> _RECORDS FOR THE TASK_:
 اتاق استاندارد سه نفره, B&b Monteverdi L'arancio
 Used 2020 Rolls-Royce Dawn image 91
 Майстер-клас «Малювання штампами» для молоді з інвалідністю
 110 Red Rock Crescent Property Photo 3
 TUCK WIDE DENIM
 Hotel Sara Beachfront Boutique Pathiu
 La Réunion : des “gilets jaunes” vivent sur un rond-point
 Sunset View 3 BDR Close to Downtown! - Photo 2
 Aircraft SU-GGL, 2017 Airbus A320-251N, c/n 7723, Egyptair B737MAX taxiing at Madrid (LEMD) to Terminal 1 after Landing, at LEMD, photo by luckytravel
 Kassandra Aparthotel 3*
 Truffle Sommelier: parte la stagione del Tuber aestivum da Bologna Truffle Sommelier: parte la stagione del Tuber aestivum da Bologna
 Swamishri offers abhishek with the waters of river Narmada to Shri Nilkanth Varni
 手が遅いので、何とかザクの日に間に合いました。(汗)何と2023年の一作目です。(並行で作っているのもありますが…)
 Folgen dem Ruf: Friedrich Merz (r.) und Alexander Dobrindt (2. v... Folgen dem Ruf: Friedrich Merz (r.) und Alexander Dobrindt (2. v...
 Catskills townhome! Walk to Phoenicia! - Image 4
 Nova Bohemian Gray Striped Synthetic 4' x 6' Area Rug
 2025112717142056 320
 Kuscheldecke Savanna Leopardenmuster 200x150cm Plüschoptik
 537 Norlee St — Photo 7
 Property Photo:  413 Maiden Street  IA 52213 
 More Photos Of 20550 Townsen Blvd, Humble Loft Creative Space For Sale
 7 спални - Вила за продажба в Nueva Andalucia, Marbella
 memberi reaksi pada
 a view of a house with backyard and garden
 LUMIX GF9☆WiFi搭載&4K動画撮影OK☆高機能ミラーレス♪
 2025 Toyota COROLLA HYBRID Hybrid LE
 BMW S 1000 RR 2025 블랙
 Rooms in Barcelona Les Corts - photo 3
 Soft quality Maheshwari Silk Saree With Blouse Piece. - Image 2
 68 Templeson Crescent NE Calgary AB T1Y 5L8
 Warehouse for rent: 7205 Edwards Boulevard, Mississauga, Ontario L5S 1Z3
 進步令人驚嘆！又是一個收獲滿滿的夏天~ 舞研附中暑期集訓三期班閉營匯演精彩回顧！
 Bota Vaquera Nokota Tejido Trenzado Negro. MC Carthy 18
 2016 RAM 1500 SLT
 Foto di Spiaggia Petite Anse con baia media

> _WHAT THE TASK ASKS_:
Search the listing above for the lines with "memberi reaksi pada" and "進步令人驚嘆！又是一個", then output those lines and all lines between them exactly.

> _EXERCISE ANSWER_:
 memberi reaksi pada
 a view of a house with backyard and garden
 LUMIX GF9☆WiFi搭載&4K動画撮影OK☆高機能ミラーレス♪
 2025 Toyota COROLLA HYBRID Hybrid LE
 BMW S 1000 RR 2025 블랙
 Rooms in Barcelona Les Corts - photo 3
 Soft quality Maheshwari Silk Saree With Blouse Piece. - Image 2
 68 Templeson Crescent NE Calgary AB T1Y 5L8
 Warehouse for rent: 7205 Edwards Boulevard, Mississauga, Ontario L5S 1Z3
 進步令人驚嘆！又是一個收獲滿滿的夏天~ 舞研附中暑期集訓三期班閉營匯演精彩回顧！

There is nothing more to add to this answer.